EXERCISE DIRECTIONS ::
The lines to reproduce from the material below are those from the one containing "Broche para el" through the one containing "Başakşehir ile Rusya", both included; write them out exactly and add nothing.

□ □ □ □ □ □ □

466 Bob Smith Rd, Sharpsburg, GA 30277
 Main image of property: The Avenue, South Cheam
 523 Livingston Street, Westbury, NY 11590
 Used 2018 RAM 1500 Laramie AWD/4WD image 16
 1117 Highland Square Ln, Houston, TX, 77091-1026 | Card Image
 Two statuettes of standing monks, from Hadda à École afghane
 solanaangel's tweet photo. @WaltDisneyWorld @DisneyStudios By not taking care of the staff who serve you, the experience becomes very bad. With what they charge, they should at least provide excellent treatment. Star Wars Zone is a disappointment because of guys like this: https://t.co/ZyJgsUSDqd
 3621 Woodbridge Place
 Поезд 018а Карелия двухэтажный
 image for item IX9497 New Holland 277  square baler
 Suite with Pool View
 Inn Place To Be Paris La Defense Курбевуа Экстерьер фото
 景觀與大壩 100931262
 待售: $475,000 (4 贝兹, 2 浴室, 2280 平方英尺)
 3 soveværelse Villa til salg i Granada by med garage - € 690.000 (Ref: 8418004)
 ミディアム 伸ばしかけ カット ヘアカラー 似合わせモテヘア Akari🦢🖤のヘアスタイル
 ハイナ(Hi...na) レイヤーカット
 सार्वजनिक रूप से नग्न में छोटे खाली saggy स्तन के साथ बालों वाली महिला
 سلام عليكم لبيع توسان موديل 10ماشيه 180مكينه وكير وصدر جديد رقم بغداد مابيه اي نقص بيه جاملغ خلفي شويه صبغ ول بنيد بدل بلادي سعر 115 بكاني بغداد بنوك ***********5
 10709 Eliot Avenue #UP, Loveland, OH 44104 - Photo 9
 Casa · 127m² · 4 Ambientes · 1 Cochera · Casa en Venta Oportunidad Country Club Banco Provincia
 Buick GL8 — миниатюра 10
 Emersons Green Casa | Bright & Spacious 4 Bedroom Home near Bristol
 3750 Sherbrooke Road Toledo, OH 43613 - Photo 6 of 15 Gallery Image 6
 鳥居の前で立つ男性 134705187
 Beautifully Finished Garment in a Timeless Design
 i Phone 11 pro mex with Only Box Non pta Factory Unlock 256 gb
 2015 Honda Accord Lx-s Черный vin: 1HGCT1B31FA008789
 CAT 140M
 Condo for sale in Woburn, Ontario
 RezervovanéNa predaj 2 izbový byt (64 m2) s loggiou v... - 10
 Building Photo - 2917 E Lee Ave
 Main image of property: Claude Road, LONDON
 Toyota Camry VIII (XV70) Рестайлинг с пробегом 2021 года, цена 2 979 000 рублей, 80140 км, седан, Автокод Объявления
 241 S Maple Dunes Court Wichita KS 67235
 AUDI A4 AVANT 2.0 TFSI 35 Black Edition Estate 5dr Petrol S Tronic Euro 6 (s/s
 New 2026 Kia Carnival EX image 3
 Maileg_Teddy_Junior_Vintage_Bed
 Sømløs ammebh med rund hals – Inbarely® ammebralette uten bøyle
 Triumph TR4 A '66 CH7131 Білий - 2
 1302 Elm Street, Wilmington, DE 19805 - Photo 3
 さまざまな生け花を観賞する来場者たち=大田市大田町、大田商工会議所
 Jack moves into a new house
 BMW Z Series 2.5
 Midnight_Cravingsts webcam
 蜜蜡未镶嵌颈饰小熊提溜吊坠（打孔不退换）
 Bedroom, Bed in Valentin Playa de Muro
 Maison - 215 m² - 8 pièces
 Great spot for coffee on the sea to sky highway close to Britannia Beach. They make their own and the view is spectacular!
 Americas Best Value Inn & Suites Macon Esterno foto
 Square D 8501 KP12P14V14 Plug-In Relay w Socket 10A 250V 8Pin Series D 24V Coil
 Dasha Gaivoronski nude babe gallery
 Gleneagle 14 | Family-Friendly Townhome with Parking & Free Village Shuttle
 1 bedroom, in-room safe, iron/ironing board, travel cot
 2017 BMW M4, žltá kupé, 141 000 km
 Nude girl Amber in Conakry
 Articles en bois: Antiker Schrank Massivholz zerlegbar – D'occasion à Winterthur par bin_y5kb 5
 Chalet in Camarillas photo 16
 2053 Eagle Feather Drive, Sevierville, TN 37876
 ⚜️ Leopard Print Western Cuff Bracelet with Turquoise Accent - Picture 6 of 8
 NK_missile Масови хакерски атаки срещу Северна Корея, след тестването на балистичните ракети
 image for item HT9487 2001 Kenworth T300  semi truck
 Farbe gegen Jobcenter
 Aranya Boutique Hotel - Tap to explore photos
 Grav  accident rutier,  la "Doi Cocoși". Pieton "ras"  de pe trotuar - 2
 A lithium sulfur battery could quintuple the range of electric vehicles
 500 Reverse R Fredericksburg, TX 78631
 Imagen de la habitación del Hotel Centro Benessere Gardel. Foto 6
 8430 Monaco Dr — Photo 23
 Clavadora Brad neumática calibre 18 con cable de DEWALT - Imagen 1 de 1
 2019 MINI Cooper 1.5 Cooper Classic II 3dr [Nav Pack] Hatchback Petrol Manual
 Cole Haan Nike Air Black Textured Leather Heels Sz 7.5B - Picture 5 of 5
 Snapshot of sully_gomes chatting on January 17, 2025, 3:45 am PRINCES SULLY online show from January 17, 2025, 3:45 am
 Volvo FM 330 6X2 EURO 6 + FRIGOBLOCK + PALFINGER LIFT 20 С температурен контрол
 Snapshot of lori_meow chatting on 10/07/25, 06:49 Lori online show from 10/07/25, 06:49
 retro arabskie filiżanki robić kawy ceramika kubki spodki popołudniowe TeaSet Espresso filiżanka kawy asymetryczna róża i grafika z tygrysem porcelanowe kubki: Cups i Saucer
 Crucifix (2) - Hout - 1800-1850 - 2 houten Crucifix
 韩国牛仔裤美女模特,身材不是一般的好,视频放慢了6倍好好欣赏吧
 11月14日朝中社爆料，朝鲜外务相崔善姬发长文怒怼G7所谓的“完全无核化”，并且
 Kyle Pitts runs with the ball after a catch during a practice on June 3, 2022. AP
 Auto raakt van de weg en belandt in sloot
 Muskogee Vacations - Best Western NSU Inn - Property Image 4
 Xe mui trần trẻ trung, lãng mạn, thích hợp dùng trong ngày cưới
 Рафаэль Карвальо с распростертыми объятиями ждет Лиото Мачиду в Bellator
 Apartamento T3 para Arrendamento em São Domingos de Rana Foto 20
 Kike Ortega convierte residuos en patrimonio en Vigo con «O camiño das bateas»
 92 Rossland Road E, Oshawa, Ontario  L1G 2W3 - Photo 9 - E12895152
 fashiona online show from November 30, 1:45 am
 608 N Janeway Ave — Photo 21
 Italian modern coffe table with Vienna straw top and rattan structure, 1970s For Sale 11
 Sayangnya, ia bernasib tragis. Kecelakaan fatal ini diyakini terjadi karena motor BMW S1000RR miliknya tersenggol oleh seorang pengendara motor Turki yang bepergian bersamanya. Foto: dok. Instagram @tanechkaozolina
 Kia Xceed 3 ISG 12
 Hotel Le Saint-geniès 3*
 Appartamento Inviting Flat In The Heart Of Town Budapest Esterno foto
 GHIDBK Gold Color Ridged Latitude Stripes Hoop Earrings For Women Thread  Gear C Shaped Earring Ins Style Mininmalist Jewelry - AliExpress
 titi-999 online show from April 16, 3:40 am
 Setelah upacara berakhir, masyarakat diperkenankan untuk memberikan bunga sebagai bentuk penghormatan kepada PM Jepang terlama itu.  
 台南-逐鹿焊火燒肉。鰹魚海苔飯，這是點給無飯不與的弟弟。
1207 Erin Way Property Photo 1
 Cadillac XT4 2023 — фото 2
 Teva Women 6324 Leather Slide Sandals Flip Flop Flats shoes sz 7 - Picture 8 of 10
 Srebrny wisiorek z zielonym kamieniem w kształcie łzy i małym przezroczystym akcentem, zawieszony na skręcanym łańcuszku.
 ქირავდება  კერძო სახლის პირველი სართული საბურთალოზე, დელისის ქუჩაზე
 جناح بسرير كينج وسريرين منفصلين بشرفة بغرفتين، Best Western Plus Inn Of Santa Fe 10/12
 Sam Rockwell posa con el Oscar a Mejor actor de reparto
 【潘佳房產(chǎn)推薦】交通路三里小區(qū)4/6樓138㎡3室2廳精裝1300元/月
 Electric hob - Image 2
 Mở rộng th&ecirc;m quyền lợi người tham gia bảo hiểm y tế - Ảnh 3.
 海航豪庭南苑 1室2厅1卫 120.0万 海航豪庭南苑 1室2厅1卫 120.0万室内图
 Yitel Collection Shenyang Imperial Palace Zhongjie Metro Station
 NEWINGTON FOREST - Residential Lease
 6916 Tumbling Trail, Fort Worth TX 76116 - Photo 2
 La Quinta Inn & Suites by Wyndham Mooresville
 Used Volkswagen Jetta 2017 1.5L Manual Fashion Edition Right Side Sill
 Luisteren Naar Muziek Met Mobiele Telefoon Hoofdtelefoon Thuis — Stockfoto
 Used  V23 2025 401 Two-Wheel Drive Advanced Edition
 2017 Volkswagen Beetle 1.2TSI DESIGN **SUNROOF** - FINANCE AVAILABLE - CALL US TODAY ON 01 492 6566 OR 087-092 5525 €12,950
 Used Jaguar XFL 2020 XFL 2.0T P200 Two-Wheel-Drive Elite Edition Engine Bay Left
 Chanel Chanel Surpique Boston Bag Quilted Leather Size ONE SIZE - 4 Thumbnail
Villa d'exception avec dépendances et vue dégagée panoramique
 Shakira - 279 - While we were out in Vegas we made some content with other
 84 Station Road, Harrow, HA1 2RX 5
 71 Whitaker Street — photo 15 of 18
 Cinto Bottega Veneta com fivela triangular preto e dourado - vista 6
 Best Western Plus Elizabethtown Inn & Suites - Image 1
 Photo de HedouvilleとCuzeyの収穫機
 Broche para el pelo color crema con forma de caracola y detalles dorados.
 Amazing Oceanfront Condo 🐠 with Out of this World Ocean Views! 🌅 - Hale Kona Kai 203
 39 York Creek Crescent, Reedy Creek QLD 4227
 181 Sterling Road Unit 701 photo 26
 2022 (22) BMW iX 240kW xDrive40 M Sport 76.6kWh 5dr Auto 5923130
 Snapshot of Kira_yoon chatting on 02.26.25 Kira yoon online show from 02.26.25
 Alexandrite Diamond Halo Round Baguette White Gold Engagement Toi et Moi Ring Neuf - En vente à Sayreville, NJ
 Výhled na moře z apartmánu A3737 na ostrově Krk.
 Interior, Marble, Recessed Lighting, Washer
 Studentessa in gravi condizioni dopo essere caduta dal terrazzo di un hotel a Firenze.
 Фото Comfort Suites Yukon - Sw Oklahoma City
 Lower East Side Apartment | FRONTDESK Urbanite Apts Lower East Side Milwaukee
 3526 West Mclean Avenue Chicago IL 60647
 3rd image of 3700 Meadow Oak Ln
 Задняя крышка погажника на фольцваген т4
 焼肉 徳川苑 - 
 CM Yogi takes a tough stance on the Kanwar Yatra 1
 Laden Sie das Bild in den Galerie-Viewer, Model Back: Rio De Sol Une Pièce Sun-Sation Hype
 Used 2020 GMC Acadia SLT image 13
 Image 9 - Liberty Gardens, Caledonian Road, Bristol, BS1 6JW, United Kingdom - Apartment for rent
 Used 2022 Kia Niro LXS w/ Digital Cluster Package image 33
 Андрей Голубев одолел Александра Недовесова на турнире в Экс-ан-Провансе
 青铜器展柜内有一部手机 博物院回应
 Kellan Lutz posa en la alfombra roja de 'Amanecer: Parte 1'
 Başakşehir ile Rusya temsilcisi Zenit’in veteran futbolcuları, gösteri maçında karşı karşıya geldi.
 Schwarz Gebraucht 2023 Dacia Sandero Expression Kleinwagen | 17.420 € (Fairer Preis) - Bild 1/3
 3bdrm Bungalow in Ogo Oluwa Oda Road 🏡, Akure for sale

□ □ □ □ □ □ □

REPLY TO THE TASK ::
 Broche para el pelo color crema con forma de caracola y detalles dorados.
 Amazing Oceanfront Condo 🐠 with Out of this World Ocean Views! 🌅 - Hale Kona Kai 203
 39 York Creek Crescent, Reedy Creek QLD 4227
 181 Sterling Road Unit 701 photo 26
 2022 (22) BMW iX 240kW xDrive40 M Sport 76.6kWh 5dr Auto 5923130
 Snapshot of Kira_yoon chatting on 02.26.25 Kira yoon online show from 02.26.25
 Alexandrite Diamond Halo Round Baguette White Gold Engagement Toi et Moi Ring Neuf - En vente à Sayreville, NJ
 Výhled na moře z apartmánu A3737 na ostrově Krk.
 Interior, Marble, Recessed Lighting, Washer
 Studentessa in gravi condizioni dopo essere caduta dal terrazzo di un hotel a Firenze.
 Фото Comfort Suites Yukon - Sw Oklahoma City
 Lower East Side Apartment | FRONTDESK Urbanite Apts Lower East Side Milwaukee
 3526 West Mclean Avenue Chicago IL 60647
 3rd image of 3700 Meadow Oak Ln
 Задняя крышка погажника на фольцваген т4
 焼肉 徳川苑 - 
 CM Yogi takes a tough stance on the Kanwar Yatra 1
 Laden Sie das Bild in den Galerie-Viewer, Model Back: Rio De Sol Une Pièce Sun-Sation Hype
 Used 2020 GMC Acadia SLT image 13
 Image 9 - Liberty Gardens, Caledonian Road, Bristol, BS1 6JW, United Kingdom - Apartment for rent
 Used 2022 Kia Niro LXS w/ Digital Cluster Package image 33
 Андрей Голубев одолел Александра Недовесова на турнире в Экс-ан-Провансе
 青铜器展柜内有一部手机 博物院回应
 Kellan Lutz posa en la alfombra roja de 'Amanecer: Parte 1'
 Başakşehir ile Rusya temsilcisi Zenit’in veteran futbolcuları, gösteri maçında karşı karşıya geldi.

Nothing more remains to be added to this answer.